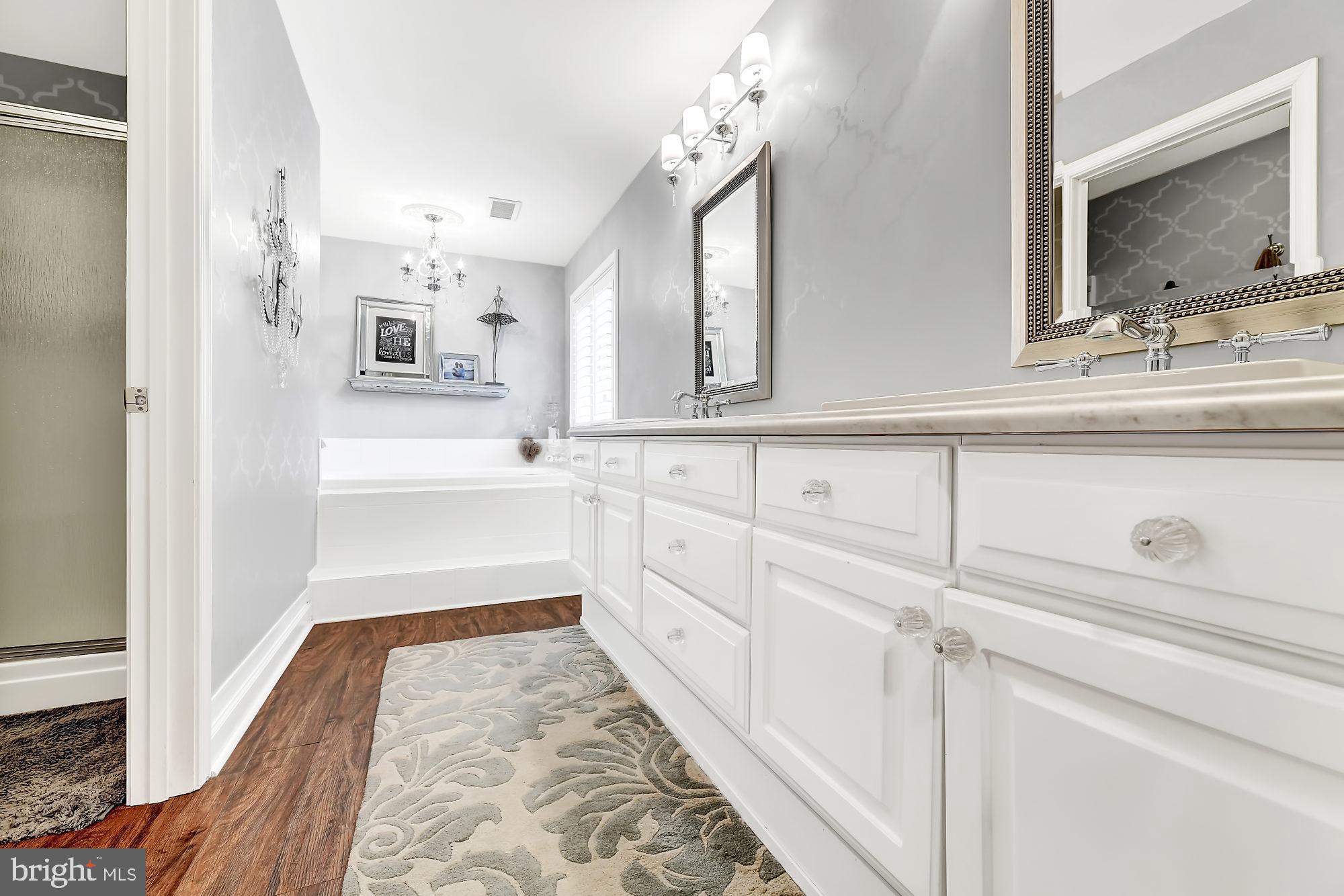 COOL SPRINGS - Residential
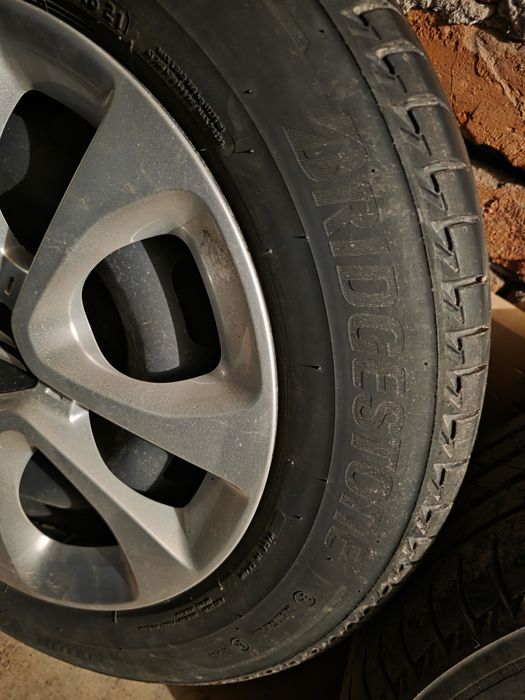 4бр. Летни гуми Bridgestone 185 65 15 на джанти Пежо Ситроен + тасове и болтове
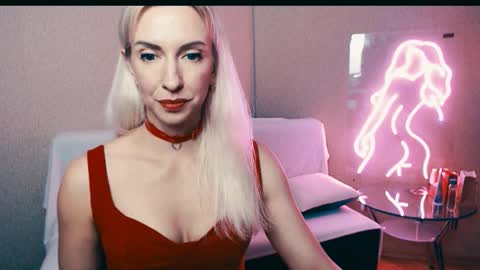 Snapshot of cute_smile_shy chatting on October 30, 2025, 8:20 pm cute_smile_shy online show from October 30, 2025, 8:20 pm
--
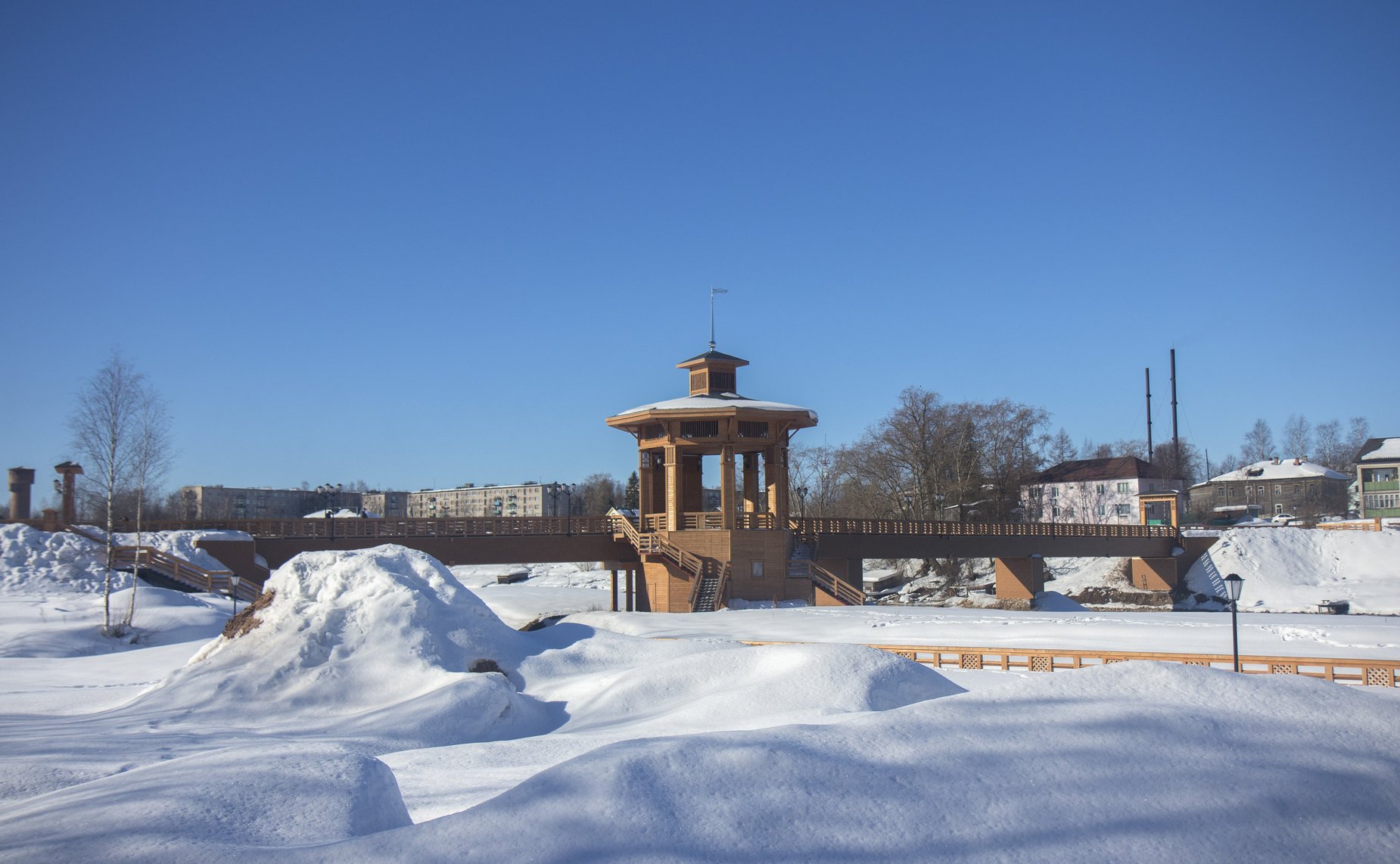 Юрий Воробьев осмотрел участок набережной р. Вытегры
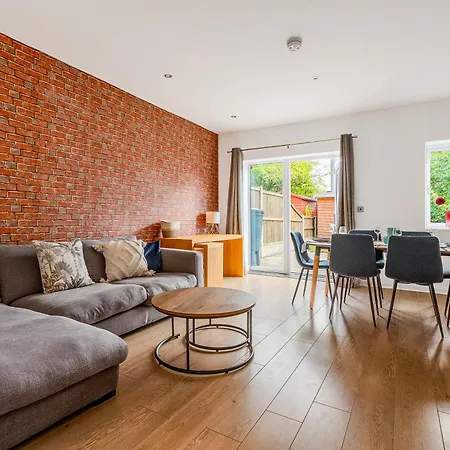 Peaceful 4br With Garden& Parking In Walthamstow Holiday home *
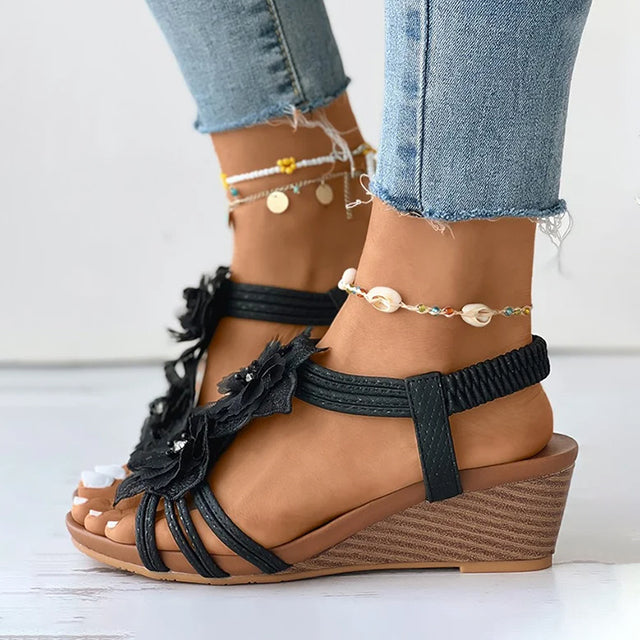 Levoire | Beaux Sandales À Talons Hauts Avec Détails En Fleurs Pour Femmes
* * *
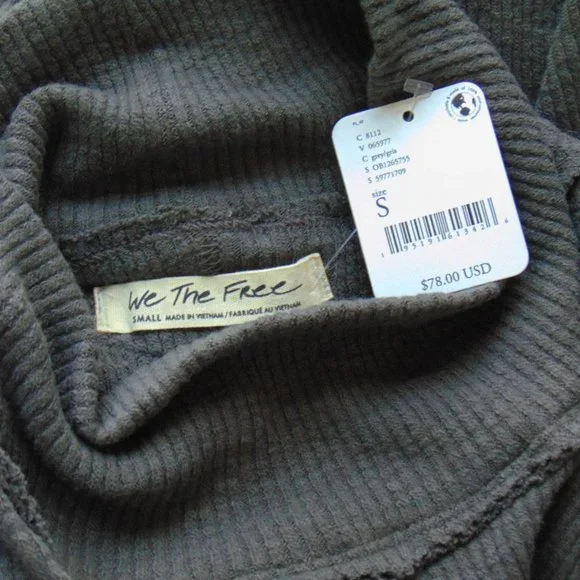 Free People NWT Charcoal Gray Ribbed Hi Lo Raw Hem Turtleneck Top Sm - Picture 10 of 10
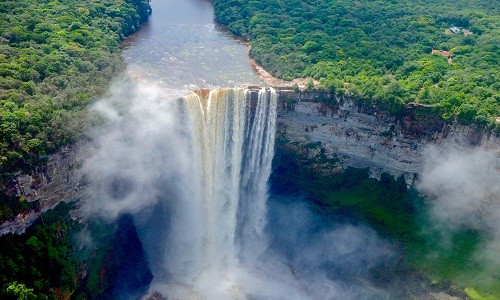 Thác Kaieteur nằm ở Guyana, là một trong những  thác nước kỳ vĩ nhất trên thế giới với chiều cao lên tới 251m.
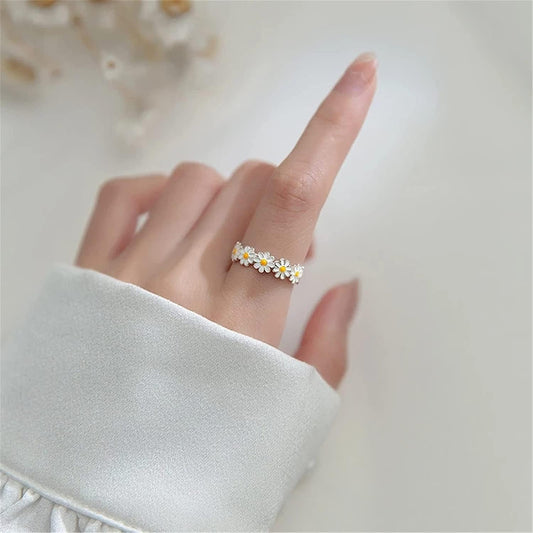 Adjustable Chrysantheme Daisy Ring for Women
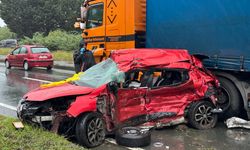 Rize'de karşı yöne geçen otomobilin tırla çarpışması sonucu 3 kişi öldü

What is needed
Only the lines of the listing above from the one with "COOL SPRINGS - Residential" through the one with "Snapshot of cute_smile_shy" should be output, exactly, with both ends kept and pictures left out.

Written solution
 COOL SPRINGS - Residential
 4бр. Летни гуми Bridgestone 185 65 15 на джанти Пежо Ситроен + тасове и болтове
 Snapshot of cute_smile_shy chatting on October 30, 2025, 8:20 pm cute_smile_shy online show from October 30, 2025, 8:20 pm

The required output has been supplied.